Oh, God, this was getting worse. Conor looked warily from his sister, who seemed naively unaware of the gravity of what she was doing, to his father, now steaming from insult at being "guest" instead of "father." Conor was watching Geoffrey so intently he almost didn't notice when Ailín pressed mug into his hand. His father took his own, drained it immediately, and set it down. While he fumed, Ailín moved to the door and called for someone, a name he didn't recognize.

Conor saw his father eye the cradle near Ailín's bed, so he walked over to take a look at his little nephew. The babe was smaller than he expected, rather beastlike. It looked fragile, too, like the slightest breath would harm it. Before he could get a closer look, his father was pushing him away, moving to take up the child. Alarmed, Conor glanced back to the door for his sister, who was turning back to the inside of the room. Her eyes widened in horror when she saw her son in her father's arms, but were quickly schooled with a lifetime of practice.

"Father," she said evenly. "Ye must support his head better. He is only a wee thing."

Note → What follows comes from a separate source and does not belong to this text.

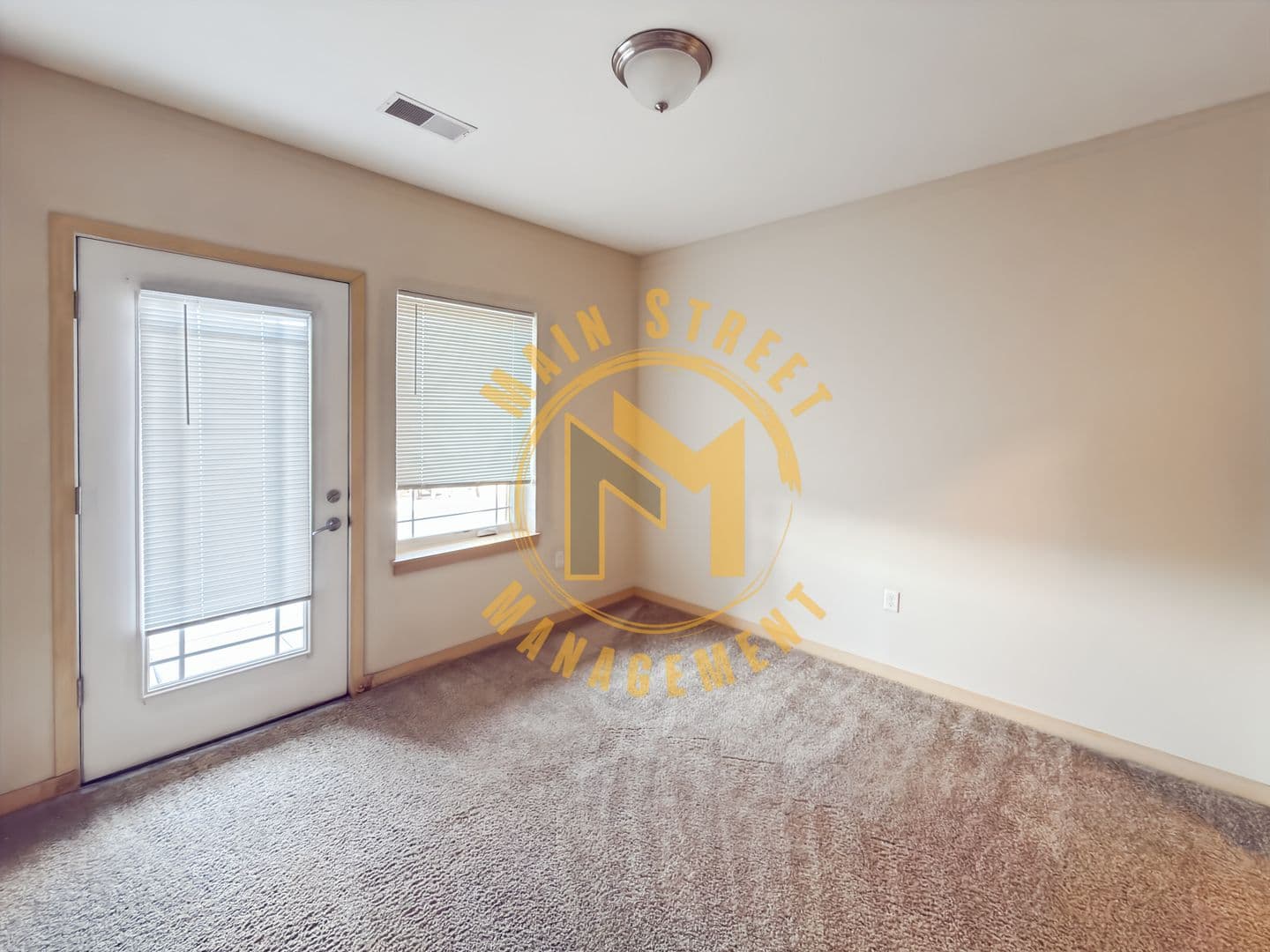 Green Bay Apartment: 401 N Washington St.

"I have been a father longer than you have been a mother!" Geoffrey snapped. Ailín clenched her teeth, knowing that her father had never so much as looked at her or Conor until they were about five or so.

"Why did you come, Father?" she finally asked quietly.

"To pay my respects to my duke on the birth of his heir."

"And?" Ailín prompted. Geoffrey responded with a glare as Caulay awoke and started to fuss, unhappy that his head was dangling backwards. "Here, Father, let me take him."

"He's fine."

"Father, please!"

"Your husband must assist me in Kilshane."

So, that was why he came. "Let me take Caulay, and you may tell me what you need." Stepping forward, Ailín reached insistently for her son. Geoffrey hesitated, eyes blazing,

"Father," Conor interrupted, cutting her off. "Let me take him."

Ailín stepped back, giving her brother a glance of heartfelt gratitude. Conor held his hands out to his father and took the tiny infant, looking to his sister for direction.

"Keep an arm under his head, like so," Ailín advised him. "And make sure ye support him underneath, too, like so. There, ye've got it. Alright, Father. What do ye need?"

Conor saw the wild look in his father's eyes, and tried not to tremble.